WASHINGTON, DC – In light of today’s Supreme Court arguments, Congressman Jim Jordan (R-OH), Ranking Member of the House Committee on Oversight and Reform, highlighted two staff reports critical of Chairman Cummings’s use of Committee resources to interfere with the ongoing litigation over the citizenship question before the Supreme Court. These reports analyze the history of the citizenship question and demonstrate that Democrats’ efforts to sow fear and controversy around its reinstatement are meant to score political points.
- Democrats sought the same information at issue before the Supreme Court.Chairman Cummings used the authority of the Committee to gather documentary and testimonial evidence at the heart of the Supreme Court case. One Democrat Member of the Committee even proclaimed that the Committee’s oversight was intended to “reveal something that the courts can use” in the litigation. The decision to hold hearings on matters currently involved in litigation carried the potential to jeopardize the impartiality of judicial proceedings.
- Democrats should not have interfered with ongoing litigation, especially at the Supreme Court. When Chairman Cummings was in the minority, he argued against interfering with ongoing litigation. Outside experts agree that Chairman Cummings should not have forced Secretary Ross to disclose information at issue in the Supreme Court litigation.

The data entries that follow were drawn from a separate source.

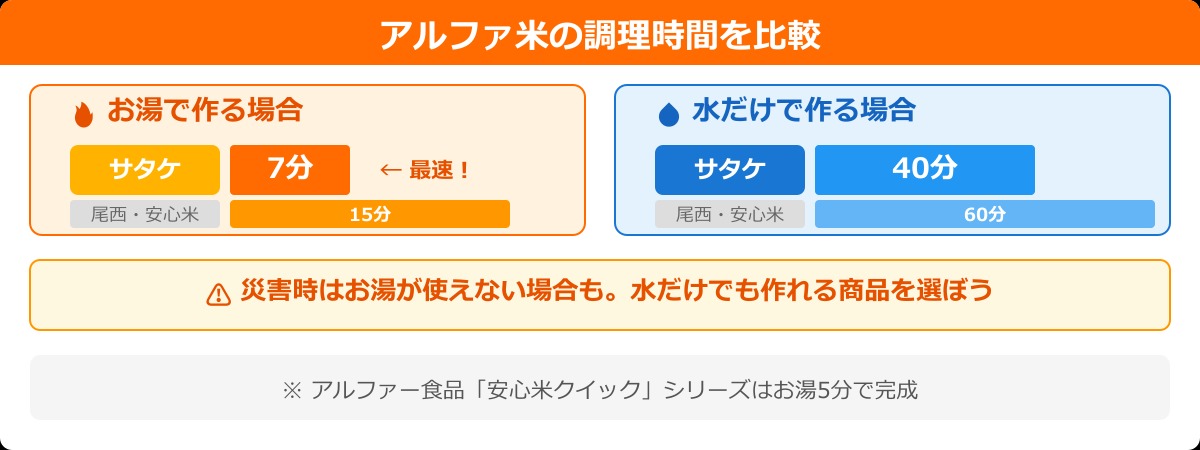 アルファ米の調理時間比較(お湯と水)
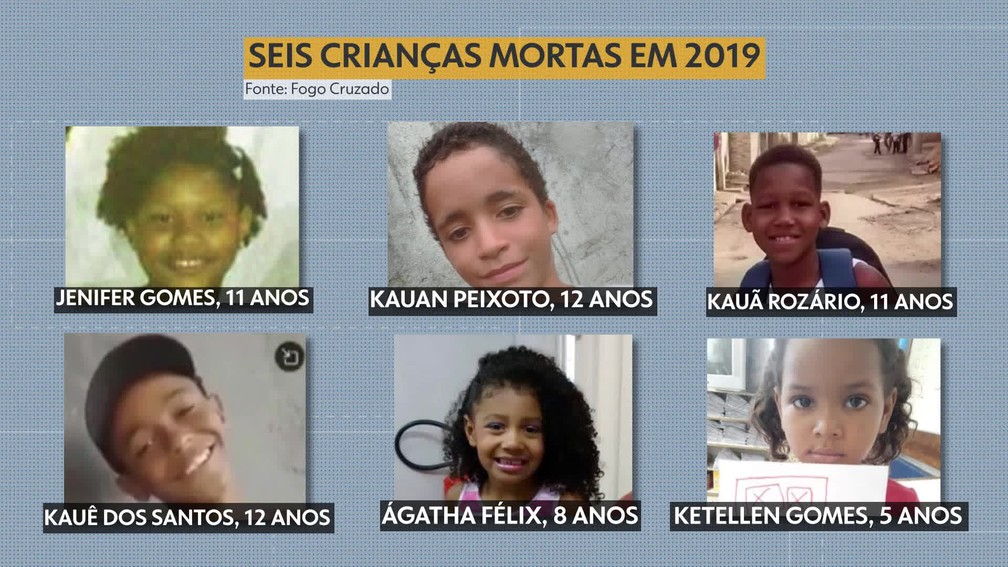 Crianças mortas por bala perdida no RJ até 13 de novembro: Jenifer Gomes, Kauan Peixoto, Kauã Rozário, Kauê dos Santos, Ágatha Félix e Ketellen Gomes — Foto: Reprodução/TV Globo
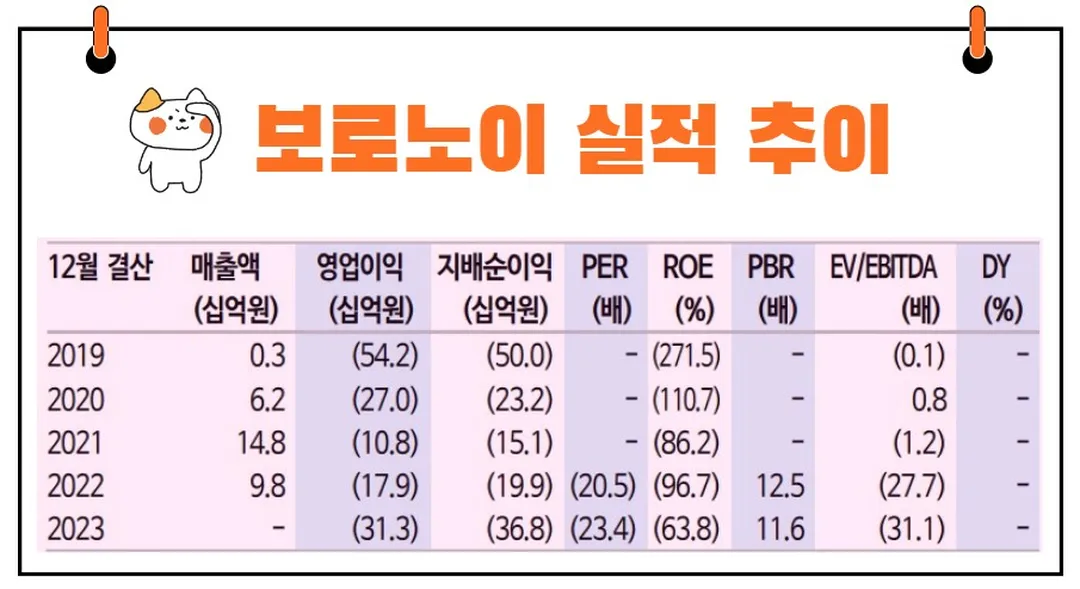 보로노이 실적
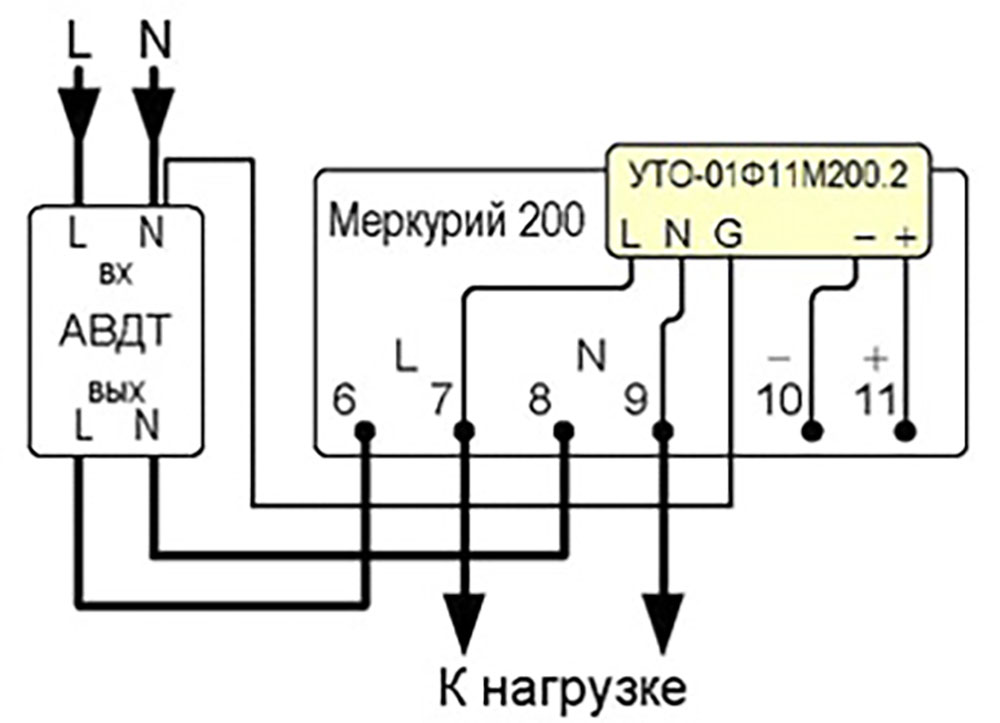 УТО-01Ф11М200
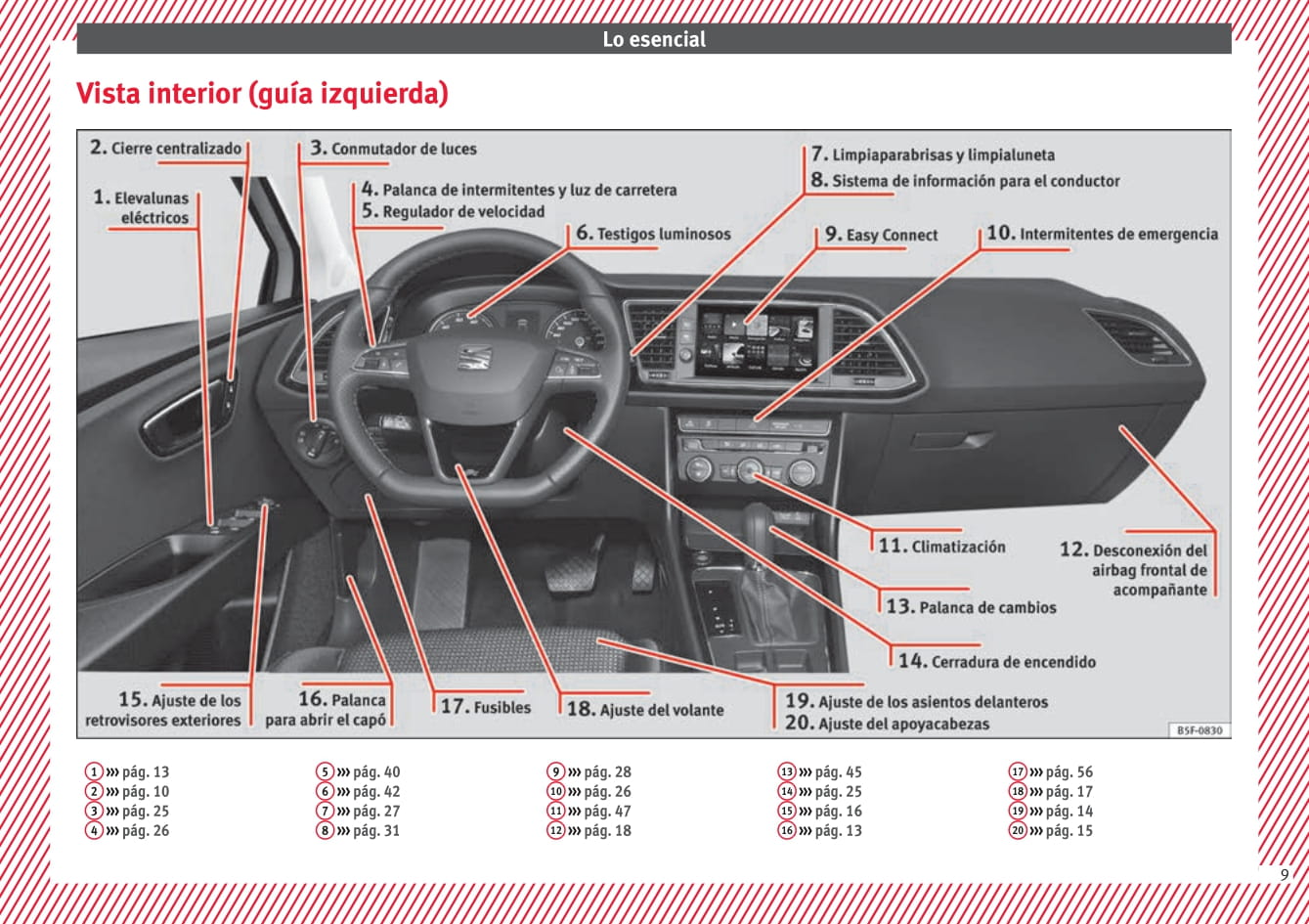 2013-2017 Seat Leon Gebruikershandleiding | Spaans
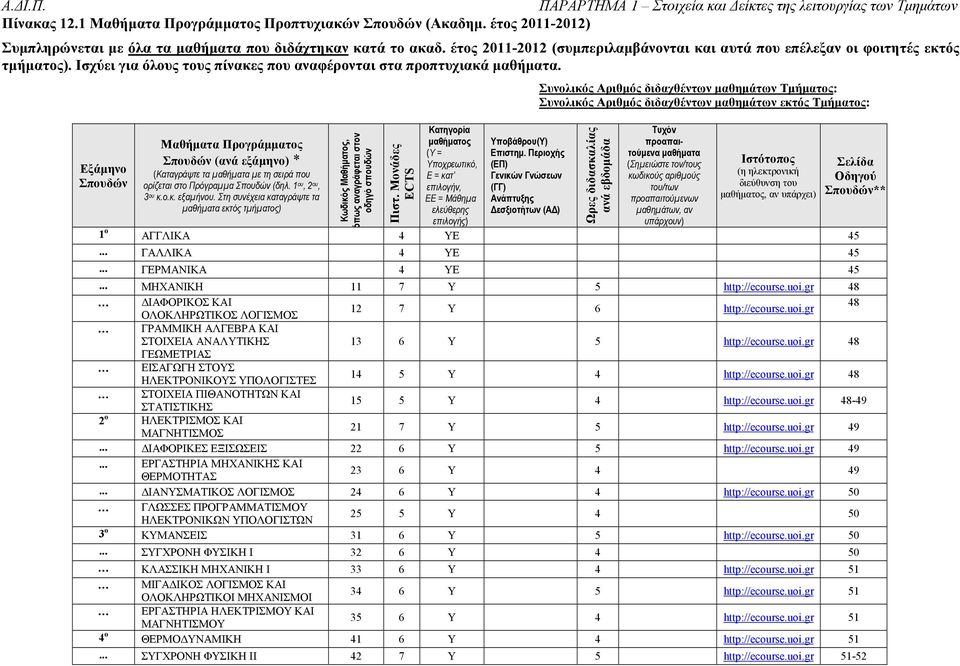 Εξάµηνο Σπουδών Μαθήµατα Προγράµµατος Σπουδών (ανά εξάµηνο) * (Καταγράψτε τα µαθήµατα µε τη σειρά που ορίζεται στο Πρόγραµµα Σπουδών (δηλ. 1 ου, 2 ου, 3 ου κ.ο.κ. εξαµήνου.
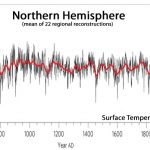 20 New Scientific Papers Link Modern Climate Trends To Solar Forcing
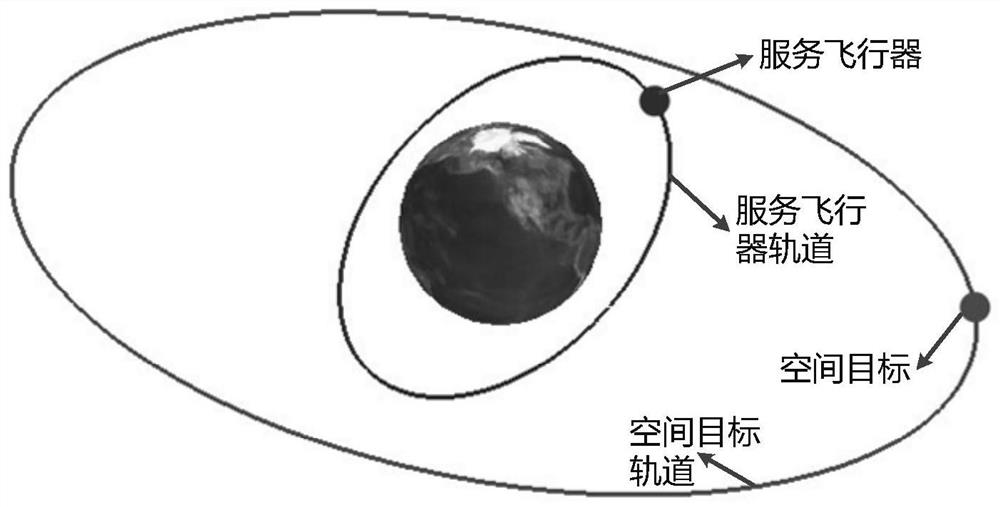 Orbit transfer method for rapid arrival of spatial different-plane circular orbit target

- Collecting Citizenship information is not a new practice. Every decennial census from 1820 to 1950 asked about citizenship. A question related to citizenship appears annually on the American Community Survey. State and federal entities solicit and collect citizenship data for a variety of reasons, including employment and licensure. The collection of citizenship information during a population census is a common practice among countries.
- Democrats are fear-mongering about the citizenship question. Democrats are loudly protesting the reinstatement of the citizenship question on the 2020 Census knowing full well that similar citizenship information is solicited regularly at all levels of government. Citizenship information obtained by the Census Bureau cannot be used for immigration enforcement or any other law enforcement purpose. Despite Democrat hysteria about the citizenship question, policymakers at all levels of government use anonymized and aggregated citizenship data for legitimate reasons.